For this exercise, output the entries below exactly from the line that holds "Ford Focus Titanium" to the line that holds "Smartake HK460 25-Piece Drawer Organizer", both ends included. No pictures belong in the copy.

━━━━━ RECORDED DATA

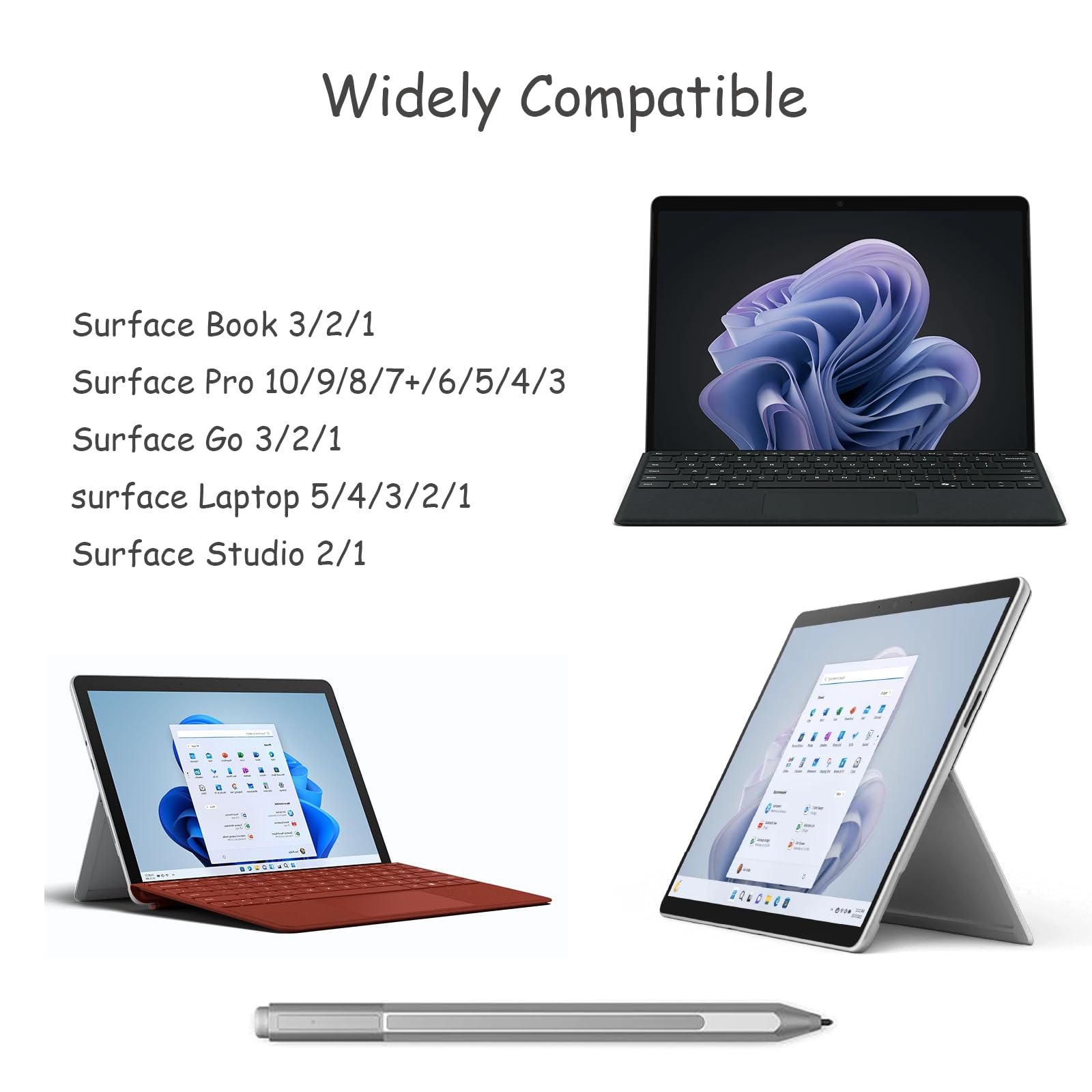 Microsoft Surface Pen 1710 (3XY-00001) Compatible With Pro 10/9/8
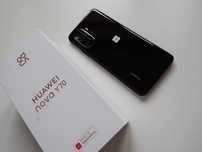 HUAWEI Nova Y70 Media Markt NOWY czarny KOMPLET gwarancja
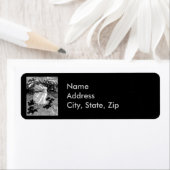 Witte en zwarte katten in maanlicht etiket (Insitu)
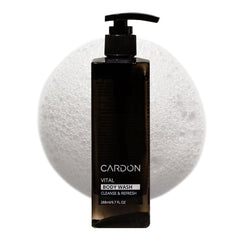 Cardon Acne Clearing Body Wash bottle for deep cleansing and refreshing scent.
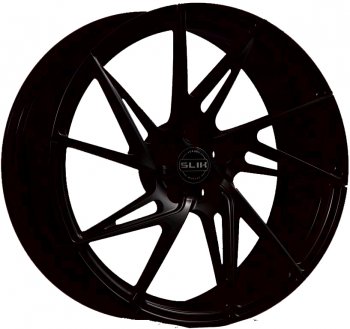 Кованый диск Slik PREMIUM L-739 7.5x17  (Черный глянцевый (BK))
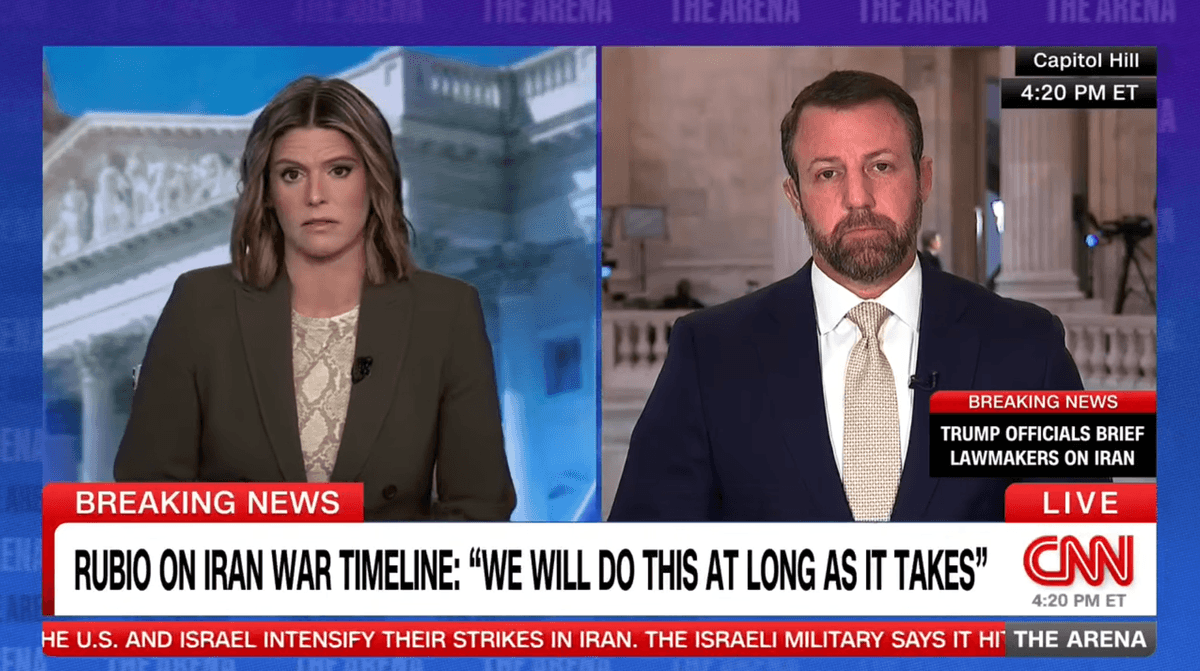 Senate Republican confronted on CNN over Trump admin's own 'war' rhetoric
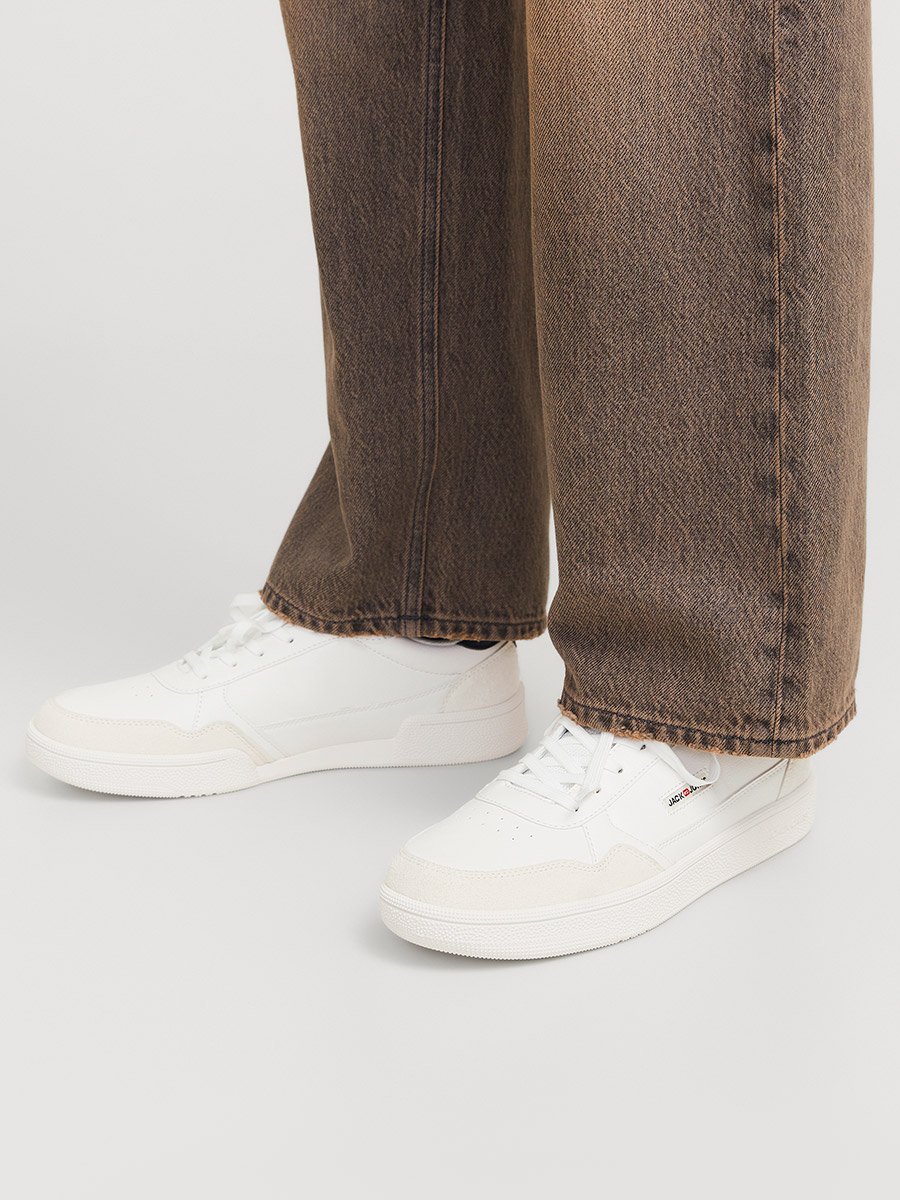 Solid Lace Up Sneakers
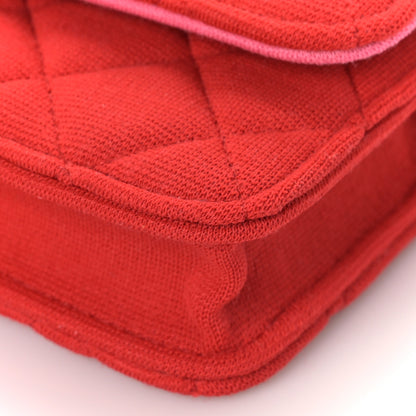 Chanel Jersey Quilted Micro Mini Flap Red 8 of 9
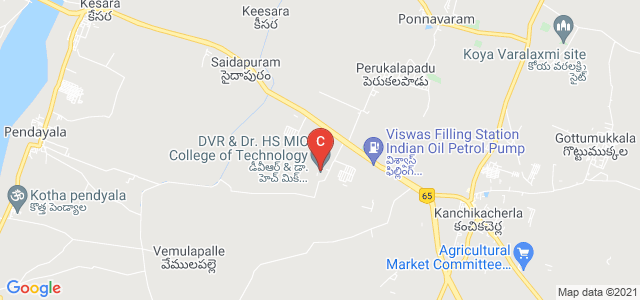 DVR & Dr. HS MIC College of Technology, Vijayawada - Hyderabad Highway, Kanchikacherla, Andhra Pradesh, India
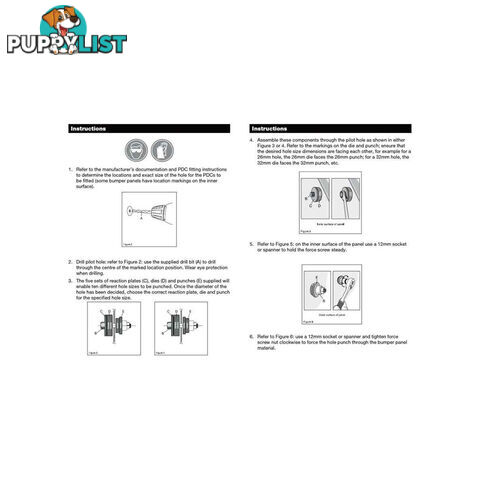 Pro-Kit Parking Sensor Hole Cutter Tool Set  - 17pc SKU - PT40950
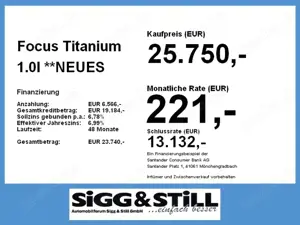 Ford Focus Titanium 1.0l NAV*IACC*SHZ*BLIS*LED*PDC*CAM Bild 4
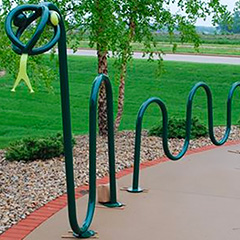 Brighten Your Space with Themed Bike Racks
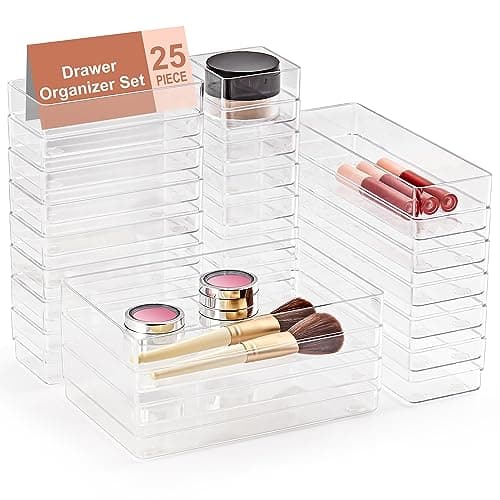 Smartake HK460 25-Piece Drawer Organizer
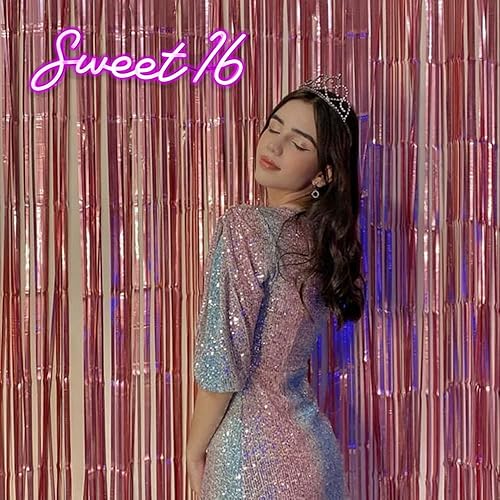 Miniatura 4 de Vinray Letrero de neón de Sweet 16, letrero de neón rosa para decoraciones de fiesta de cumpleaños de 16, regalo perfecto para ceremonia de mayoría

━━━━━━━━━━

**WRITTEN SOLUTION:**
 Ford Focus Titanium 1.0l NAV*IACC*SHZ*BLIS*LED*PDC*CAM Bild 4
 Brighten Your Space with Themed Bike Racks
 Smartake HK460 25-Piece Drawer Organizer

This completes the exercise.